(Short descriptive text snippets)
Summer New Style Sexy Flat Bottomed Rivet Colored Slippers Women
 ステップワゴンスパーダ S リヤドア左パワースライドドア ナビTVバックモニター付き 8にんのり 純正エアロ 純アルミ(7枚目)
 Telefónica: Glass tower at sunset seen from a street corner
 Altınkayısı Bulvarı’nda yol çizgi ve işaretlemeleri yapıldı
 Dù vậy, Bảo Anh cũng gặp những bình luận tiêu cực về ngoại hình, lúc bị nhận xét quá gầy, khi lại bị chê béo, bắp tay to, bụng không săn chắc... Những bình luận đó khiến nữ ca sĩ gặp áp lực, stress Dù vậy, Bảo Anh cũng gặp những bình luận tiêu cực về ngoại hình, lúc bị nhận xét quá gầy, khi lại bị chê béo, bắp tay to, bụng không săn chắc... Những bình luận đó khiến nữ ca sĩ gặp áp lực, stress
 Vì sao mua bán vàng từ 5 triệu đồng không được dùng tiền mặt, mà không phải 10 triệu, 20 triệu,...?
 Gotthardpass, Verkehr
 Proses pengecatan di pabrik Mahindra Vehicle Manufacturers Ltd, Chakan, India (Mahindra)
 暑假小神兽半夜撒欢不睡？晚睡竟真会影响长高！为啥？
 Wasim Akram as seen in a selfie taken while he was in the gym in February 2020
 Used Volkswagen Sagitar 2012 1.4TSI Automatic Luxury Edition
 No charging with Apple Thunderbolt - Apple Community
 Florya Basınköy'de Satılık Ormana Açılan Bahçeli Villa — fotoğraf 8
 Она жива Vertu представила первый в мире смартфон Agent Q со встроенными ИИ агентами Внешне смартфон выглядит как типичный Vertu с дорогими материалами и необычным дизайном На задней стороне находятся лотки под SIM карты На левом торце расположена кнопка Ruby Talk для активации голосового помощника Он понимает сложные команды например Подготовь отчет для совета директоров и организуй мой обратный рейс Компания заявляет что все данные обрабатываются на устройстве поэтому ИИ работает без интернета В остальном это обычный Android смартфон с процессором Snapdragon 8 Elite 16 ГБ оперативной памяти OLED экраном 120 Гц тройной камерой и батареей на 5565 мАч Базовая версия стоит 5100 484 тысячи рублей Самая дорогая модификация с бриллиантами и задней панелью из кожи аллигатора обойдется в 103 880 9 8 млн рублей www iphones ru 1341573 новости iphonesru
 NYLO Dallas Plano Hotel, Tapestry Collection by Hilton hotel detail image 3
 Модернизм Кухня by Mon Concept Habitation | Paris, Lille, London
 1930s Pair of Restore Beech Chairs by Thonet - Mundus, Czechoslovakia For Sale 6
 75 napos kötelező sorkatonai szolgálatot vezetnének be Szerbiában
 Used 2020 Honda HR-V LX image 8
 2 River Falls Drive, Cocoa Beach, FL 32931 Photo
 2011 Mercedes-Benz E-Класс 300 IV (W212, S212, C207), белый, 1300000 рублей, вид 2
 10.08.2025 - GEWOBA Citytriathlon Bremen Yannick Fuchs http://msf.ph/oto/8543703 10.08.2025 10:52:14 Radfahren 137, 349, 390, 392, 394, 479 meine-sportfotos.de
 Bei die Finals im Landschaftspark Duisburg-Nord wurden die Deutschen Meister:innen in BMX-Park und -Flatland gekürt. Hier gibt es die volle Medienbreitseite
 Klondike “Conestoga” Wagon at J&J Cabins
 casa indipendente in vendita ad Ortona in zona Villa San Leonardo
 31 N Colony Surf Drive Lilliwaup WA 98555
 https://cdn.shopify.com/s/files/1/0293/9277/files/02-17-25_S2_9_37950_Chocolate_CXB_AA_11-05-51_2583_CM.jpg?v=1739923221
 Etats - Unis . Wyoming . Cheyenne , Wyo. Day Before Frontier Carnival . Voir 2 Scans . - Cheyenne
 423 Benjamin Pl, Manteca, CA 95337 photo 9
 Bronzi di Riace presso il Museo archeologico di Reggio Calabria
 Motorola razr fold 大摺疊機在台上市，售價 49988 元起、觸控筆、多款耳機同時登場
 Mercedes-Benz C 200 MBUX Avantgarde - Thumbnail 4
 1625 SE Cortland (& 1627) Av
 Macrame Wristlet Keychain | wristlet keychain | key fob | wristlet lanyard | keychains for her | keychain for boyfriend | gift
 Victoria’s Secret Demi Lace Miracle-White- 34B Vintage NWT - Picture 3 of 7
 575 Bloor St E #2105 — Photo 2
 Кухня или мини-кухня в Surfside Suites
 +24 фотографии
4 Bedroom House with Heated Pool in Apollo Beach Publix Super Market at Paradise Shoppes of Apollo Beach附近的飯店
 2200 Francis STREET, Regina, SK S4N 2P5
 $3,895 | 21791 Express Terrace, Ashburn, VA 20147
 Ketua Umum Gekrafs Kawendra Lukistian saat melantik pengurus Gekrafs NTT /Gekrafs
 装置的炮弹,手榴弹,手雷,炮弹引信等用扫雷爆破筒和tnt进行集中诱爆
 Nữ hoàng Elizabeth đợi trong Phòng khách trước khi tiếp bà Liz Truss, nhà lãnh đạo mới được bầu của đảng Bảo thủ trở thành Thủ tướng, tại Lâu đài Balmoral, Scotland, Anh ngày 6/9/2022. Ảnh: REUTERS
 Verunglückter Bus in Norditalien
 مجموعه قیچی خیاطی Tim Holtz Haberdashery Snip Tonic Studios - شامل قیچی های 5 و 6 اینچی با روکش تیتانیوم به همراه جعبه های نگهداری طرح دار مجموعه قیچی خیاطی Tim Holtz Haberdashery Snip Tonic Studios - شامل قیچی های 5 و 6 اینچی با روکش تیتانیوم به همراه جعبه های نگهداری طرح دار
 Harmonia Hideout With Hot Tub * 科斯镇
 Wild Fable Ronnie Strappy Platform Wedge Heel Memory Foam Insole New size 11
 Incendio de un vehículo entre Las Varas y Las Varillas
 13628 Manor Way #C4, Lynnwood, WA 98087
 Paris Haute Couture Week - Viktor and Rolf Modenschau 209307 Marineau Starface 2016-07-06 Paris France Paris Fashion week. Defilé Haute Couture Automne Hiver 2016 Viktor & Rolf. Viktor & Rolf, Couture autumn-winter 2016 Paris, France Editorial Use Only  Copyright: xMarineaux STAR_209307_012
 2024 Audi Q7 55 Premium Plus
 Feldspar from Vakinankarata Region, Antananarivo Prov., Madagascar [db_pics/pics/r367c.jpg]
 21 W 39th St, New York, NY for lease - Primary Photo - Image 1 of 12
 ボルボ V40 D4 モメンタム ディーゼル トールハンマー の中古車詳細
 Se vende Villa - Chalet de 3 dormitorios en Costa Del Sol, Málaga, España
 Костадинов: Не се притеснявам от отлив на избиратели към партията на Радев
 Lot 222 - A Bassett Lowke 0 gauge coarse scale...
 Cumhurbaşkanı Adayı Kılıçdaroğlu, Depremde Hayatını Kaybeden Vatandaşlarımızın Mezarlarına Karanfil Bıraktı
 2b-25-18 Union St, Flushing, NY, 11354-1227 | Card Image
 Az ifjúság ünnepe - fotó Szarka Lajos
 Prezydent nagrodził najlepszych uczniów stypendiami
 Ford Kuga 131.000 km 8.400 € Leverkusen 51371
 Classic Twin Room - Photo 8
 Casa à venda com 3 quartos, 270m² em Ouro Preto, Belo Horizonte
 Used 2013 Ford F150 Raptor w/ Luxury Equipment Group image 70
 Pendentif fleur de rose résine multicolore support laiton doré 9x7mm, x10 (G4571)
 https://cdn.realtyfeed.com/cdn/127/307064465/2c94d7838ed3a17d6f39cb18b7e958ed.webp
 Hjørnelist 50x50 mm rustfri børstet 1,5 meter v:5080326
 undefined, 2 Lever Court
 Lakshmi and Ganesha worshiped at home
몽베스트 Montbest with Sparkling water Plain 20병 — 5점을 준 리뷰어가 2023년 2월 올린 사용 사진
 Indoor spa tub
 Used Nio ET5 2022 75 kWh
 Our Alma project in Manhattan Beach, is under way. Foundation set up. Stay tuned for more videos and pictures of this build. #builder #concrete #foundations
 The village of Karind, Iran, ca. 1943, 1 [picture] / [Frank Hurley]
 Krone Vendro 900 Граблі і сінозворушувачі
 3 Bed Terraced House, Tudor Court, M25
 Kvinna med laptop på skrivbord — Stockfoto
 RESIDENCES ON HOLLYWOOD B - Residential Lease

• [Exercise brief] Restate word for word the lines of the data above, starting at the line containing "4 Bedroom House" and ending at the line containing "Classic Twin Room - Photo 8", both included, and nothing more.

• [Task response]
4 Bedroom House with Heated Pool in Apollo Beach Publix Super Market at Paradise Shoppes of Apollo Beach附近的飯店
 2200 Francis STREET, Regina, SK S4N 2P5
 $3,895 | 21791 Express Terrace, Ashburn, VA 20147
 Ketua Umum Gekrafs Kawendra Lukistian saat melantik pengurus Gekrafs NTT /Gekrafs
 装置的炮弹,手榴弹,手雷,炮弹引信等用扫雷爆破筒和tnt进行集中诱爆
 Nữ hoàng Elizabeth đợi trong Phòng khách trước khi tiếp bà Liz Truss, nhà lãnh đạo mới được bầu của đảng Bảo thủ trở thành Thủ tướng, tại Lâu đài Balmoral, Scotland, Anh ngày 6/9/2022. Ảnh: REUTERS
 Verunglückter Bus in Norditalien
 مجموعه قیچی خیاطی Tim Holtz Haberdashery Snip Tonic Studios - شامل قیچی های 5 و 6 اینچی با روکش تیتانیوم به همراه جعبه های نگهداری طرح دار مجموعه قیچی خیاطی Tim Holtz Haberdashery Snip Tonic Studios - شامل قیچی های 5 و 6 اینچی با روکش تیتانیوم به همراه جعبه های نگهداری طرح دار
 Harmonia Hideout With Hot Tub * 科斯镇
 Wild Fable Ronnie Strappy Platform Wedge Heel Memory Foam Insole New size 11
 Incendio de un vehículo entre Las Varas y Las Varillas
 13628 Manor Way #C4, Lynnwood, WA 98087
 Paris Haute Couture Week - Viktor and Rolf Modenschau 209307 Marineau Starface 2016-07-06 Paris France Paris Fashion week. Defilé Haute Couture Automne Hiver 2016 Viktor & Rolf. Viktor & Rolf, Couture autumn-winter 2016 Paris, France Editorial Use Only  Copyright: xMarineaux STAR_209307_012
 2024 Audi Q7 55 Premium Plus
 Feldspar from Vakinankarata Region, Antananarivo Prov., Madagascar [db_pics/pics/r367c.jpg]
 21 W 39th St, New York, NY for lease - Primary Photo - Image 1 of 12
 ボルボ V40 D4 モメンタム ディーゼル トールハンマー の中古車詳細
 Se vende Villa - Chalet de 3 dormitorios en Costa Del Sol, Málaga, España
 Костадинов: Не се притеснявам от отлив на избиратели към партията на Радев
 Lot 222 - A Bassett Lowke 0 gauge coarse scale...
 Cumhurbaşkanı Adayı Kılıçdaroğlu, Depremde Hayatını Kaybeden Vatandaşlarımızın Mezarlarına Karanfil Bıraktı
 2b-25-18 Union St, Flushing, NY, 11354-1227 | Card Image
 Az ifjúság ünnepe - fotó Szarka Lajos
 Prezydent nagrodził najlepszych uczniów stypendiami
 Ford Kuga 131.000 km 8.400 € Leverkusen 51371
 Classic Twin Room - Photo 8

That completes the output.